Alphabet Stock Falls Amid Cost Concerns

Last seen trading down 3% at $968.89, Alphabet stock is reeling after earnings, amid concerns about growing costs. As such, GOOGL stock has seen its price target cut by no fewer than five brokerage firms since Monday's close, including Morgan Stanley, which cut its price target on GOOGL to $1,040.

GOOGL stock has a positive outlook coming from was adored by analysts ahead of earnings, with more than 95% carrying a "buy" or better rating. The FAANG stock yesterday topped $1,000 in intraday trading for the first time since its early June highs, but today is set to close beneath its 10-day moving average for the first time in more than two weeks.

UAA Stock Downgraded to "Sell"

Deutsche Bank downgraded Under Armour stock to "sell" from "hold," sending the shares down 0.4% to trade at $20.18. UAA stock yesterday was hit by sector headwinds, after Hibbett Sports issued a same-store sales warning.
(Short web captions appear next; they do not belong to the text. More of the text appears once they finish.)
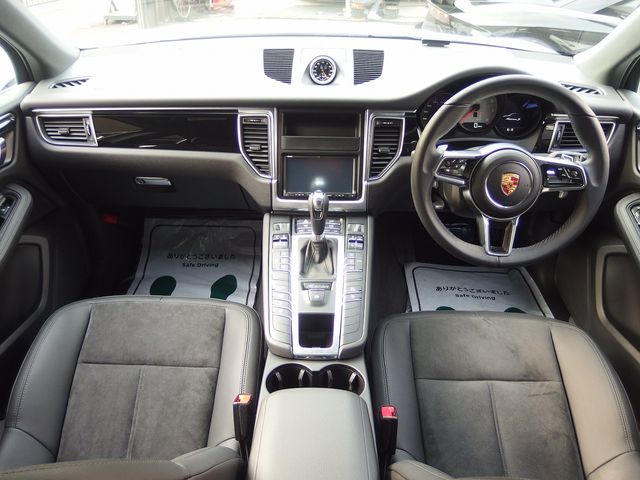 Ref No.A15225919 PORSCHE MACAN Image#2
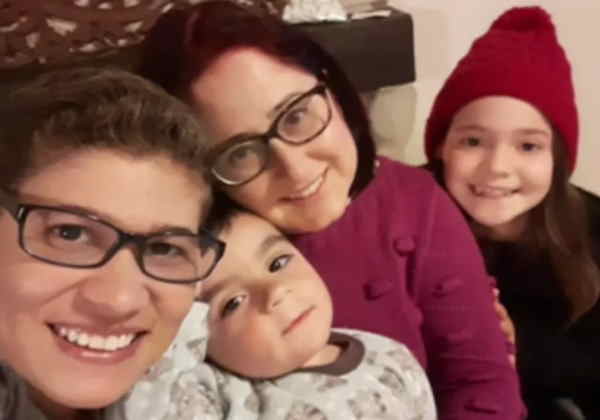 Milene e Ede com os filhos Dudu e Gabi Foto: Arquivo Pessoal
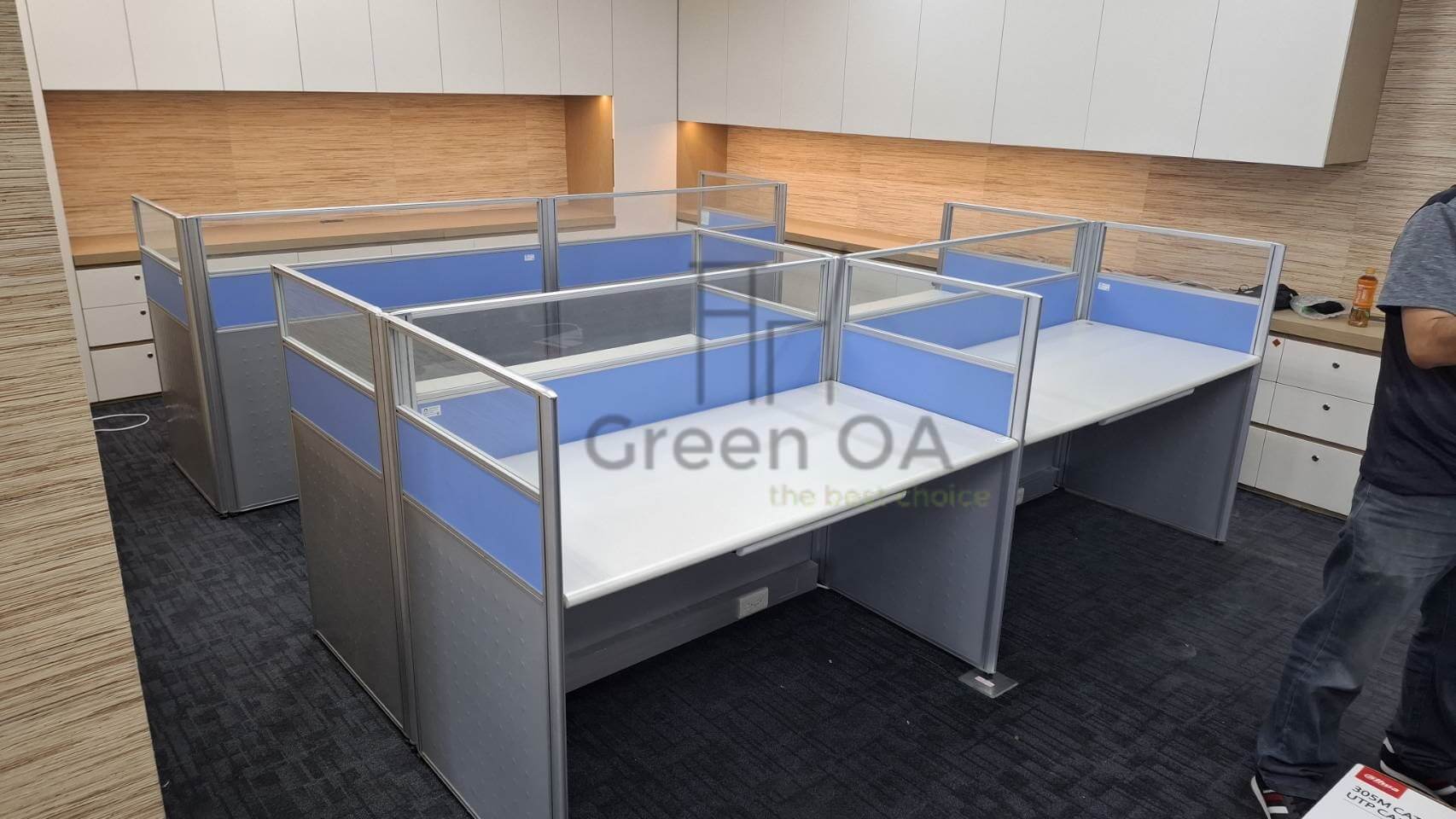 舊有桌板+2.5屏風(112高)組裝1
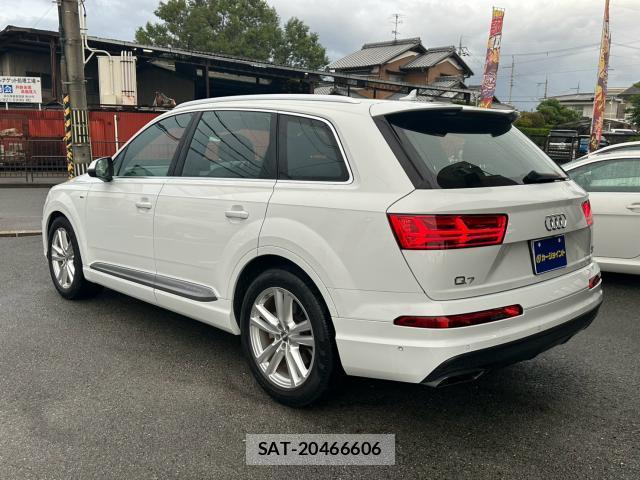 Audi Q7 2018-05 8815287-10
The shares of Under Armour -- which reports earnings a week from today -- are testing support at the round-number $20 region, which contained their pullback in mid-June, and has emerged as a floor in July.

While UAA yesterday saw accelerated put activity, long calls have been the options of choice. Under Armour stock sports a 50-day call/put volume ratio of 1.00 on the International Securities Exchange (ISE), Chicago Board Options Exchange (CBOE), and NASDAQ OMX PHLX (PHLX) -- higher than 80% of all other ratios in the past 12 months, indicating an accelerated appetite for bullish bets over bearish.

Telsey Downgrades DKS Stock

Telsey Advisory Group downgraded Dick's Sporting Goods to "market perform" from "outperform," and cut its price target to $40 from $52. As with UAA, DKS stock was also slammed by the Hibbett warning, touching an annual low of $34.55 yesterday. Today, DKS is attempting to pare some of those losses, up 0.4% at $35.25. Nevertheless, the shares remain roughly 34% lower year-to-date.

Additional downgrades could be in store for Dick's Sporting Goods stock, though. Despite the equity's dismal performance on the charts, 13 out of 22 analysts maintain "buy" or better ratings, with not one "sell" recommendation in sight.